Nick Chiarkas is the author of Weepers and Nunzio’s Way. You can find out more about him on his website, or by clicking here, see his last post here, and buy his books here.

On October 7, 2022, I was the guest on House of Mystery (NBC) with Alan Warren. Among other topics, we discussed the primary inspiration for my novels Nunzio’s Way and Weepers. I had to think about it for a while since each of my books can stand independently, but they are part of the Weepers Series. So, what was my primary inspirational thread? It was wanting to show that when I was growing up, even though life was hard and dangerous, there was still love and cohesion between families, friends, and neighbors.

I grew up in the Al Smith housing projects in the Two Bridges neighborhood on Manhattan’s Lower East Side. It was late afternoon on a sunny day in 1957. I was 13 years old and reading on a bench in the small concrete playground near my building. I was sitting on the bench-back with my feet, in PF canvas high-top sneakers, on the bench seat. That was cool. I was alone reading a Little Lulu comic book. Sylvester Green, tall, tough, and 16 years old, walked into the playground.

He asked, “Whatcha readin’, Nicky?”

“Little Lulu.”

“Lemme hold your comic book.”


I had to say “no,” or I would be a punk. I put up a bit of a fight, but Sylvester knocked me over the back of the bench into brittle and painful bushes that grew in the projects. He took my comic book and left. I got up and looked around; nobody saw what had happened. Good. I dusted myself off, wiped some blood off my face with my sleeve, and went home.

My mother met me at the door when I got to our apartment. She asked me where my comic book was.

“Ah, I must’ve left –”

She said, “Zitto cetriolo.” Which means “shut up, cucumber” in Italian. Why cucumber? I have no idea. “I saw that boy, Sylvester, take your comic book.”

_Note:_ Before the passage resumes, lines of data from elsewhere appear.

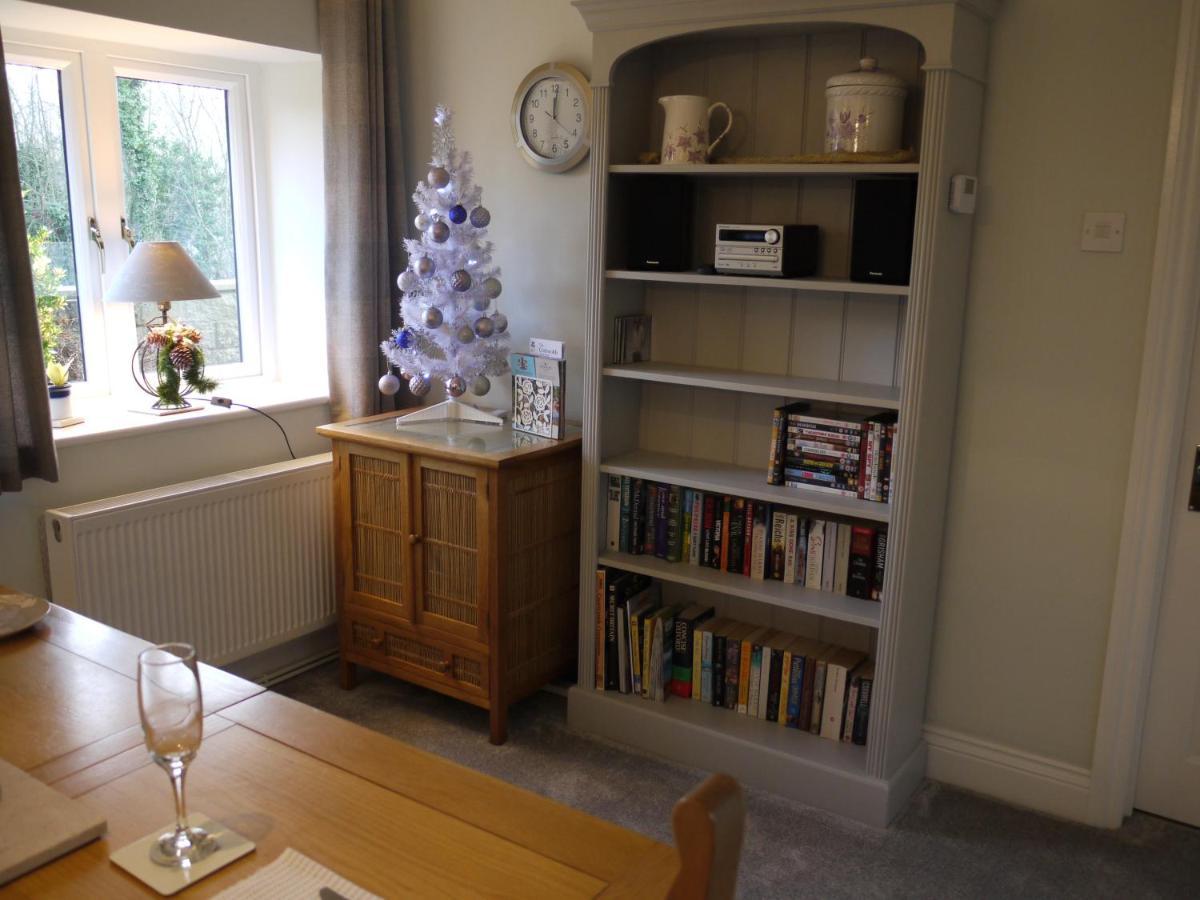 Cosy Stone Cottage, The Bungalow Perrotts Brook 시런세스터 외부 사진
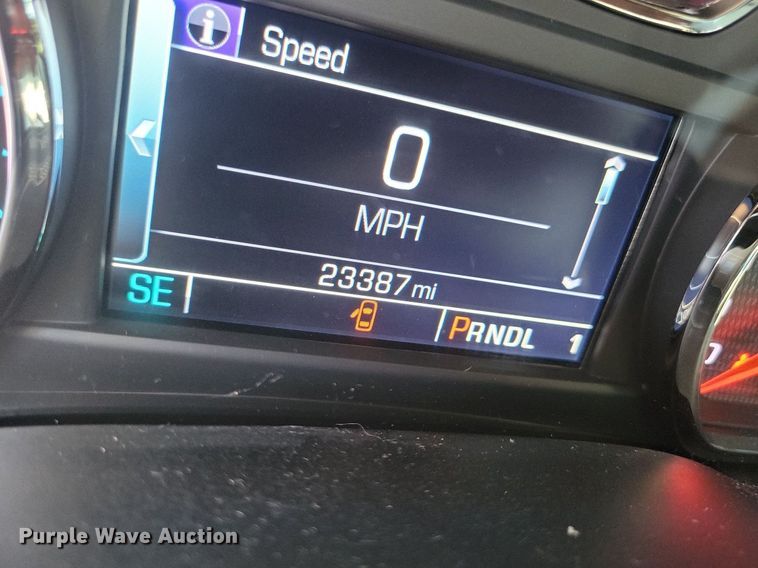 image for item IQ9973 2017 Chevrolet Silverado 3500HD  pickup truck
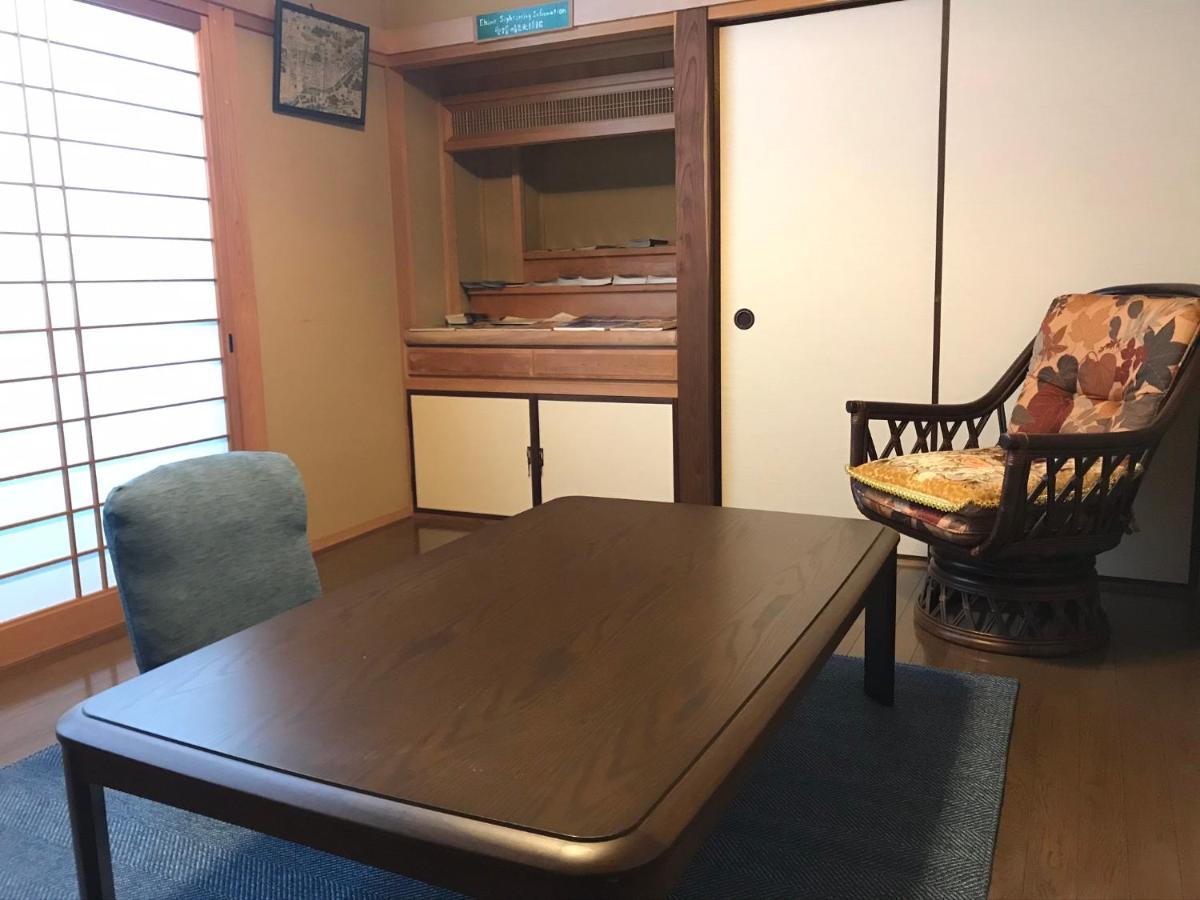 Ropeway St. Guesthouse Matsuyama  Dış mekan fotoğraf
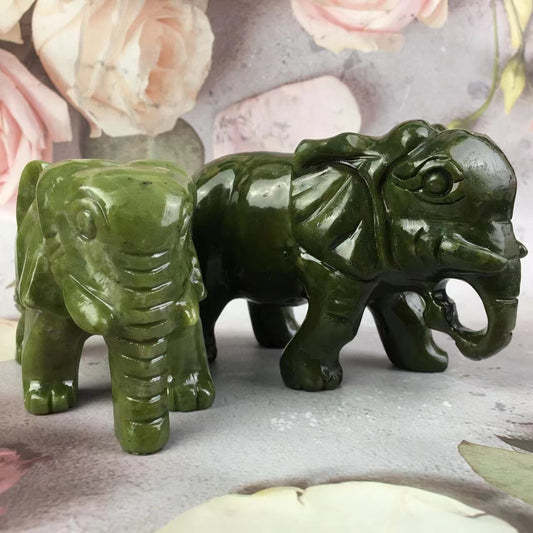 Wholesale Natural Xiuyu carving Hand Carved Serpentine Jade Gemstone Crystals Carved Green Jade elephant/ dragon/gold toad  For Gift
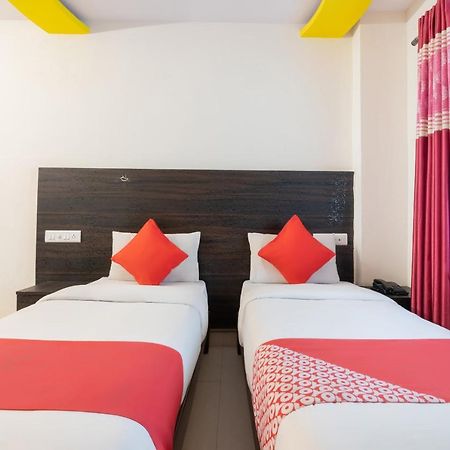 Oyo 13594 Mathrushree Residency Hotel Bangalore Bagian luar foto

“It’s no big deal, Ma; I –”

“No big deal? Andiamo.”

You guessed it, Andiamo means let’s go. She grabbed my arm, and off we went to Sylvester’s building. This was not good news for little Nicky, but I was counting on Sylvester being out somewhere, enjoying my comic book. As I said, it was a lovely day, and it wasn’t supper time or anything—no chance he would be home.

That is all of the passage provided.